• [RECORDS SUPPLIED]
--- START ---
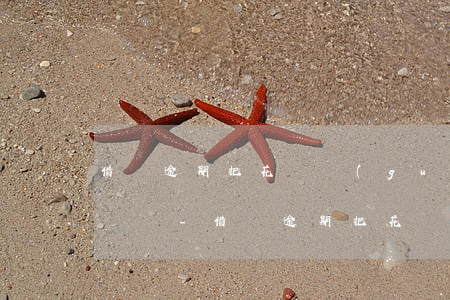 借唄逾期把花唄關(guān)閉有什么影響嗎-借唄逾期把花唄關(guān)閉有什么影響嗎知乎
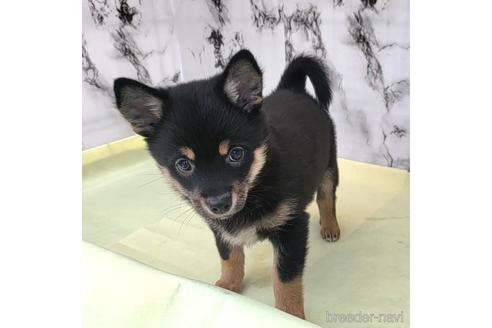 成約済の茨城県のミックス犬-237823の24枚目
--- END ---
--- START ---
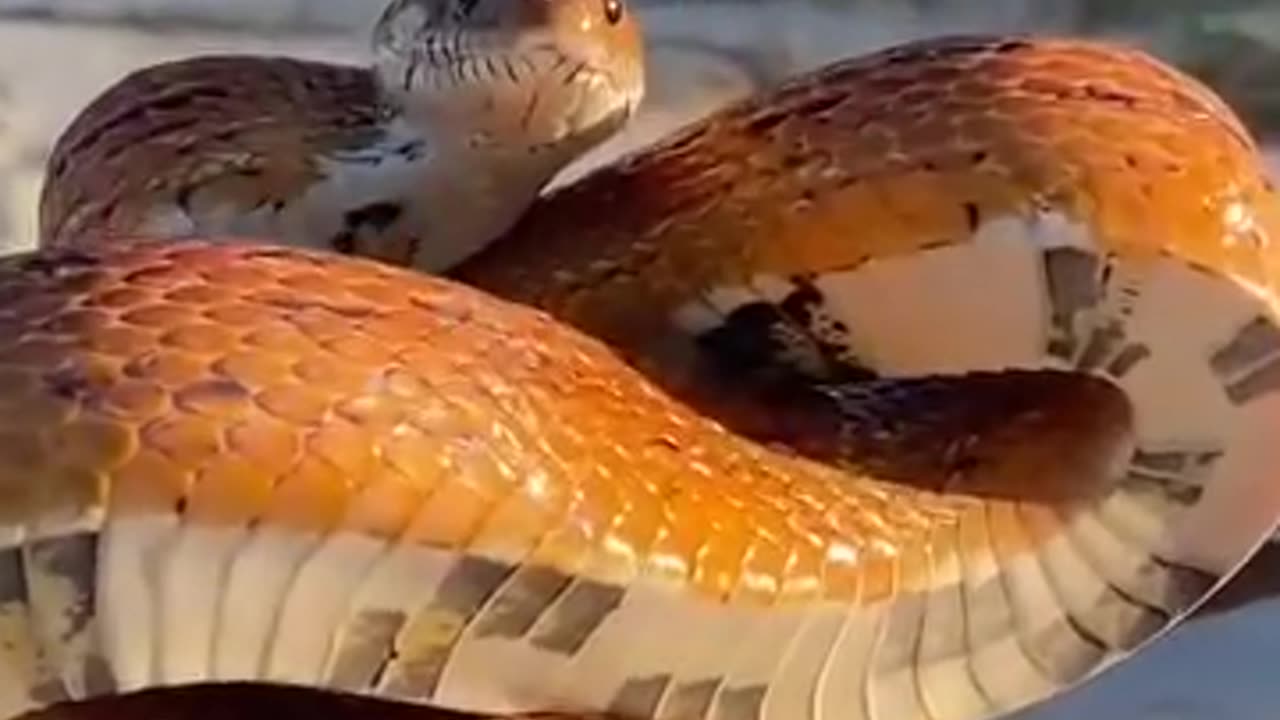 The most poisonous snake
--- END ---
• [ABOUT THIS EXERCISE]
Look back over the records above. Reproduce exactly everything from the line with "借唄逾期把花唄關(guān)閉有什么影響嗎-借唄逾期把花" down to the line with "成約済の茨城県のミックス犬-237823の24枚目", inclusive, and leave the pictures out.

• [ANSWER TO THE PROBLEM]
 借唄逾期把花唄關(guān)閉有什么影響嗎-借唄逾期把花唄關(guān)閉有什么影響嗎知乎
 成約済の茨城県のミックス犬-237823の24枚目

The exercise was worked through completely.